Models and toys made by Dinky, Britains and Corgi have never lost their attraction – the world over – and a sale held recently by Old Toy Soldier Auctions of Pittsburgh drew global bidding.
One of the top lots (illustrated) was a boxed set of marching Black Watch ‘soldiers on parade’.
This set, No 449, was produced in 1933-35 only and was issued in small numbers. Its box was very good and the figures in excellent condition, the base of the box allowing the dozen ‘Jocks’ to be led in formation by their piper.
Pitched at $2,500-$3,500, it took a multiple $8,500 – or around £6,600.
Britains, of course, are themselves known the world over for diecast lead toy soldiers. The company was formed in Victorian London by William Britain. In 1893, he revolutionised the production of toy soldiers by inventing the process of hollow casting in lead. The style and scale of his figures became the industry standard for toy soldiers.

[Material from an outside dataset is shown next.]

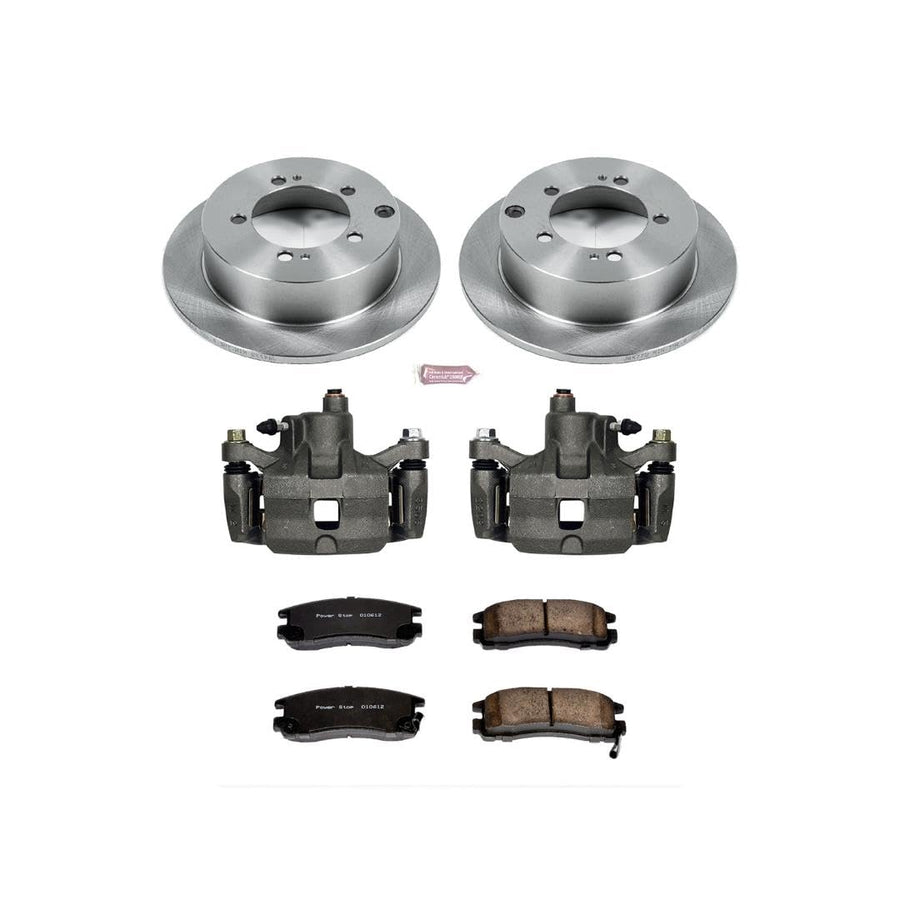 Power Stop KCOE1203 Stock Replacement Rear Brake Kit (with Calipers) For Chrysler Sebring, Dodge Avenger, Dodge Stratus, Eagle Talon, Mitsubishi Eclipse, Mitsubishi Galant [Model Specific]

By the 1930s – when the Black Watch set was issued – the firm’s catalogue had expanded to 435 sets, and 20 million models a year were being produced.
Britains – and Scots regiments – did particularly well in the Pittsburgh sale.
The first set of Pipers of the Scots Guards, c1896, in Britains’ original box, tripled its pre-sale estimate to take $2,600, about £2,000.
The extremely rare Gordon Highlanders on Parade set, nine strong, with piper and troopers, produced by Britains in 1932-35, and boxed, took a double estimate $6,000 (about £4700).
A wonderful 118-piece display box of Scots Guards, also from the 1930s, the largest Britains set of infantry ever made – and in near mint condition, sold for $5,500 (£4,300).